また、「マイクロソフトにとっても、Microsoft AI Co-Innovation Labを通じて、早い時点で市場の動きやトレンドを察知し、営業部門ではとらえ切れていないポイントをとらえるといった貢献ができる」とも述べた。
Microsoft AI Co-Innovation Labは、米Microsoftの本社がある米国レドモンドのほか、米国サンフランシスコ、独ミュンヘン、中国・上海、ウルグアイ・モンテビデオに設置。それぞれの地域の自治体や団体の支援をベースに、施設を招致するというスキームを採用しているのが特徴だ。すでに、800を超える企業や団体の「エンゲージメント」を支援してきたという。

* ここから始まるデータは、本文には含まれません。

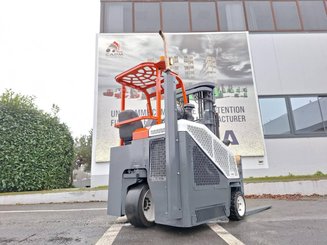 Четырехходовый вилочный погрузчик AMLIFT AGILIFT 25-12-49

例えば、中国・上海のMicrosoft AI Co-Innovation Labは、上海市が招致し、神戸の拠点に比べて約4倍の規模を持つ。上海市の大手企業からスタートアップ企業までが利用。ラボツアーで行われたデモンストレーションを通じて、新たなビジネスが創出されるといった循環が始まっているという。
Microsoft AI Co-Innovation Lab Kobeでも、開設から約2カ月間に、ラボツアーへの参加者数は58社224人となり、エンゲージメントへの利用申し込みが19社24件に達している。2023年11月の開設時の説明では、エンゲージメントへの参加企業は、1カ月で8件が最大としていただけに、すでにフル稼働の状態だ。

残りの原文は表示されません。